Could the digital economy decide the next general election in Ireland?

30 Mar 2015

In the UK, the countdown to the general elections has begun. Entering the debate for the first time is the digital economy and broadband connectivity. In Ireland in the next year, a key election issue could be broadband.

In the UK the digital economy is a big deal with more than 1.5m jobs at stake. With 38 days to the general election, alongside issues like employment, healthcare and immigration, issues such as broadband and skills may seem to belong in the background but all the parties at play will be trying to flash their digital credentials. Because the digital economy is the economy, stupid.

Questions are already being asked about whether the UK’s target of 100Mbps broadband connectivity as outlined by Chancellor of the Exchequer George Osborne in recent weeks is ambitious enough.

Here in Ireland, a country that has benefited hugely from the tech industry while at the same time experiencing the ravages of unemployment, every day in the national media questions are being raised about when Taoiseach Enda Kenny TD is going to call the next general elections – will he call them sooner than 2016?

If the UK is anything to go by, the various political parties have already begun setting their stalls on broadband and skills. And the same is likely to occur here in Ireland too.

In Ireland, the crux of the matter is employment and without the connectivity and skills of the future people will miss out on job opportunities. While Ireland has improved its penetration of broadband, geographic and economic realities mean that there are still a great many people who cannot receive adequate broadband.

Until they do, people in these broadband-deprived areas will not reap the same economic opportunities as others such as the ability to work from home, start businesses and do basic things like apply for jobs or pay their motor taxes. Anyone who thinks broadband is just for viewing movies on Netflix is delusional.

That’s why it is clear that broadband will matter a great deal in the next elections and the rollout of the National Broadband Plan we predict could be a clincher.

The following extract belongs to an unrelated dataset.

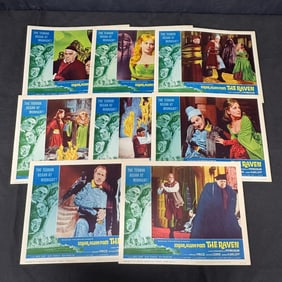 The Raven 1963 Lobby Cards Set of 8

Connecting the nation is imperative

In a recent interview with Siliconrepublic.com, Communications Minister Alex White TD said that the very first citizens in areas deprived of broadband will receive their first proper, fibre-based broadband service in 2016, with the last rural recipients getting fibre broadband by 2020.

Currently commercial operators have committed to providing next generation services to around 70pc of the population.

The National Broadband Plan aims to serve the remaining 30pc of premises – that’s 600,000 homes and 100,000 businesses – and this will require dragging fibre along the equivalent of 100,000km of roads.

This will be a mammoth task and planners at the Department of Communications and various advisors including Mason Hayes & Curran, PWC, KPMG and Analysys Mason are hard at work on the project.

To make it happen funding released from the European Investment Bank will be critical and the project may cost as much as €513m.

As the first services get deployed, canvassers on doorsteps will need to be prepared for questions from the public about when they will have fibre to their home and what precisely they are going to do about it.

“As something comes closer but doesn’t quite reach you it will add to frustrations, no doubt. But the prize is knowing that it will actually reach you,” Minister White admitted.

No doubt if the general elections in Ireland do occur in 2016, the rollout of fibre to the home will add spice to the debate.

That certainty of knowing if you will get broadband will be key in the citizen’s mind. Having the answers will be vital to the politician.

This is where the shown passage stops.